7.523 Honorer di NTB Terancam Diberhentikan
Mataram (NTBSatu) – Sebanyak 7.523 honorer yang ada di NTB terancam diberhentikan. Ribuan honorer ini merupakan Non-Aparatur Sipil Negara (ASN) non-database Badan Kepegawaian Negara (BKN). Sehingga, tidak dapat pemerintah daerah usulkan menjadi Pegawai Pemerintah dengan Perjanjian Kerja (PPPK) Paruh Waktu.
Kepala Dinas Kominfotik NTB, Yusron Hadi mengatakan, ribuan honorer tersebut merupakan mereka yang sebelumnya tidak lolos seleksi CPNS maupun PPPK, juga tidak bisa pemerintah usulkan menjadi PPPK Paruh Waktu.

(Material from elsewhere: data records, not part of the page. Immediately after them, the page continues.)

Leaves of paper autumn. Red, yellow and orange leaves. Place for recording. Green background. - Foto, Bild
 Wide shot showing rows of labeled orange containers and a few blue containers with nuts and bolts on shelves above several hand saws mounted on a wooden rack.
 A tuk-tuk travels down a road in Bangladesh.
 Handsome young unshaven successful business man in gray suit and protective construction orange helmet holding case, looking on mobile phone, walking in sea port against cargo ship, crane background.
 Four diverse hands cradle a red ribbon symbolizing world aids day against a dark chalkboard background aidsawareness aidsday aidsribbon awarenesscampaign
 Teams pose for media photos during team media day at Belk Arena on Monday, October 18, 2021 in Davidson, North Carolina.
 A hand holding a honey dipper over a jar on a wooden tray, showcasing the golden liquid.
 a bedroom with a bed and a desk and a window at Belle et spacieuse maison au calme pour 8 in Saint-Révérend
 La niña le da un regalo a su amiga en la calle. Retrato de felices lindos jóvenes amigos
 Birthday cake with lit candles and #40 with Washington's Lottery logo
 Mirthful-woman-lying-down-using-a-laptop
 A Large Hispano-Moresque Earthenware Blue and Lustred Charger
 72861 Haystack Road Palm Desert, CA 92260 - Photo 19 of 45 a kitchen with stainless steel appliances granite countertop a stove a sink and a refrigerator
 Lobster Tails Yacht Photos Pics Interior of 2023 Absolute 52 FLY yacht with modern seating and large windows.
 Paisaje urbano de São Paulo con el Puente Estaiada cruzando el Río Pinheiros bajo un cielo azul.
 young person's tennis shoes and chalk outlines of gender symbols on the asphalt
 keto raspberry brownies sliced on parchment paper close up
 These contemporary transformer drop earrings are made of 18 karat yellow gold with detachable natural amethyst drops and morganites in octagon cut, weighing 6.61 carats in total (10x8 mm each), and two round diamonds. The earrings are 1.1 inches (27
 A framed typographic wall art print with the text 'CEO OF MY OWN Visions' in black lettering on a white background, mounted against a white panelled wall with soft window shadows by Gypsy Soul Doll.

Secara keseluruhan, jumlah honorer yang terancam Pemutusan Hubungan Kerja (PHK) sebanyak 7.523. Tersebar di Kabupaten Lombok Timur 1.692 orang, Kabupaten Lombok Barat 1.632 orang, Pemprov NTB sebanyak 518 orang.
“Kemudian ada juga dari Kabupaten Bima, KSB, Lombok Tengah, juga Kota Mataram. Saudara kita tersebut berharap ada kebijakan lahir dari pemerintah yang berpihak kepada mereka,” kata Yusron, Selasa, 2 Desember 2025.
Yusron menjelaskan, sedari tahun 2024 lalu, pemerintah terus melakukan percepatan penataan kepegawaian. Baik di lingkungan Pemerintah Pusat maupun Pemerintah Daerah.
Dalam hal penataan kepegawaian, pemerintah sudah mengeluarkan berbagai kebijakan. Mulai dari seleksi CPNS, perekrutan PPPK Penuh Waktu, hingga penerimaan PPPK Paruh Waktu.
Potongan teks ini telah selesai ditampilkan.